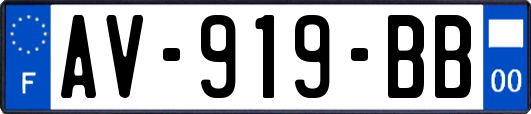 AV-919-BB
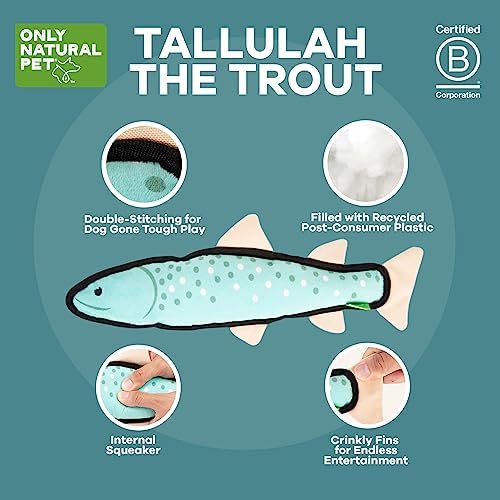 Only Natural Pet Mountain Friends Recycled Plush Dog Toys - Durable Double-Stitched Design with Internal Squeaker, Large Plush Ears & Soft Crinkle Tail - Pet Toy | Tallulah the Trout, 6" x 14.5"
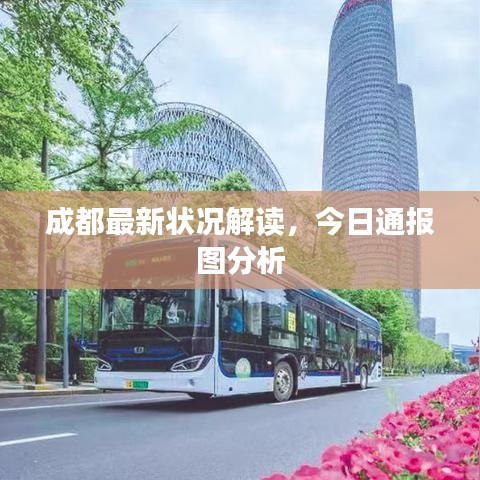 成都最新状况解读，今日通报图分析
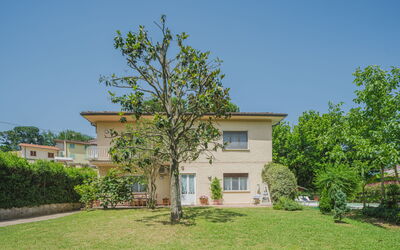Camaiore 697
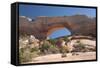 Wilson Arch, Near Moab, Utah, United States of America, North America-Richard Maschmeyer-Framed Stretched Canvas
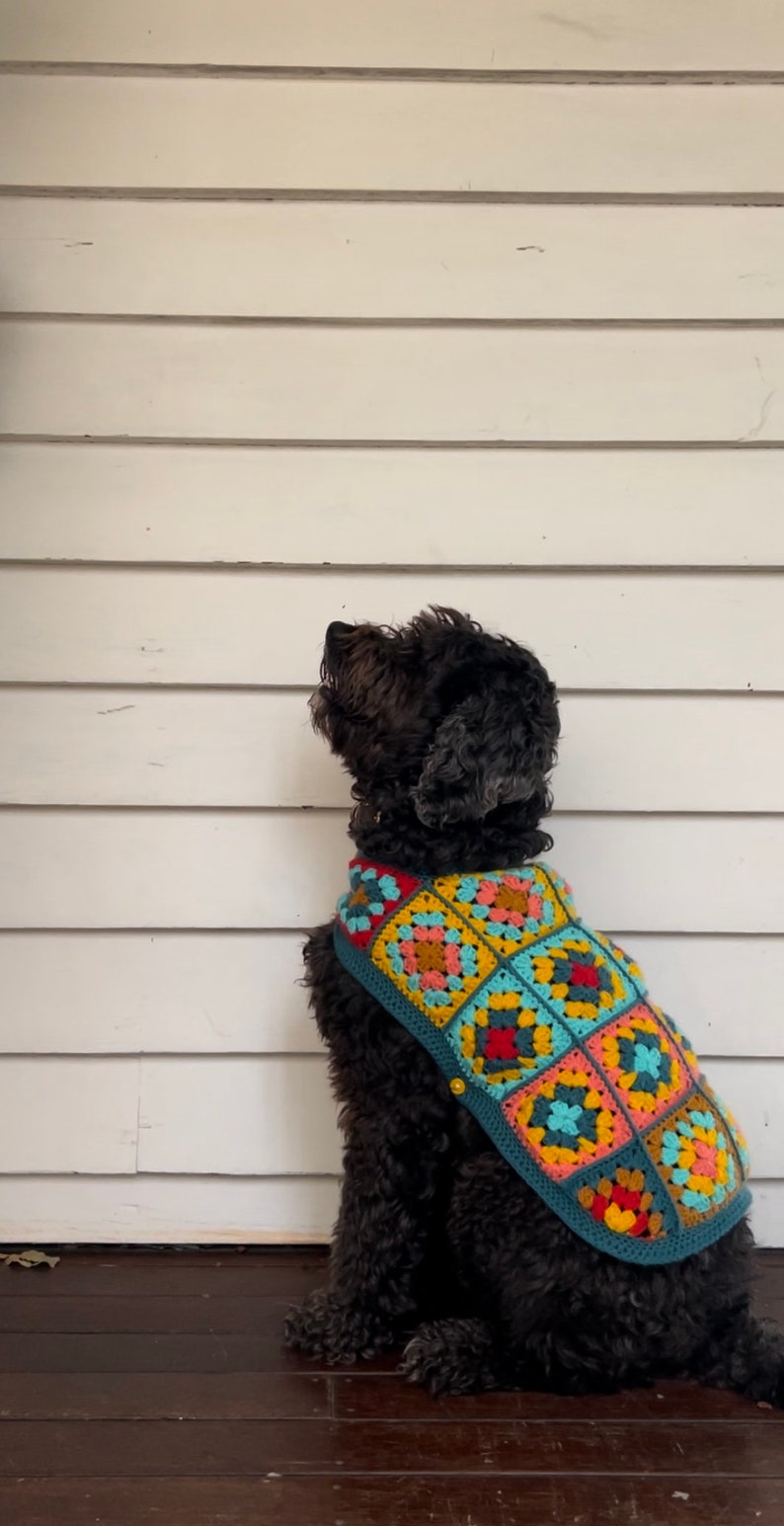 Pu&ograve; includere: Un cane nero che indossa un maglione da cane all'uncinetto colorato con un motivo geometrico. Il maglione &egrave; turchese, giallo, rosso, rosa e arancione.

++++++++

● Required action:
Verbatim copy, pictures excluded: output the lines from the first line of the records above through the line containing "Wilson Arch, Near".

● Final answer:
 AV-919-BB
 Only Natural Pet Mountain Friends Recycled Plush Dog Toys - Durable Double-Stitched Design with Internal Squeaker, Large Plush Ears & Soft Crinkle Tail - Pet Toy | Tallulah the Trout, 6" x 14.5"
 成都最新状况解读，今日通报图分析
Camaiore 697
 Wilson Arch, Near Moab, Utah, United States of America, North America-Richard Maschmeyer-Framed Stretched Canvas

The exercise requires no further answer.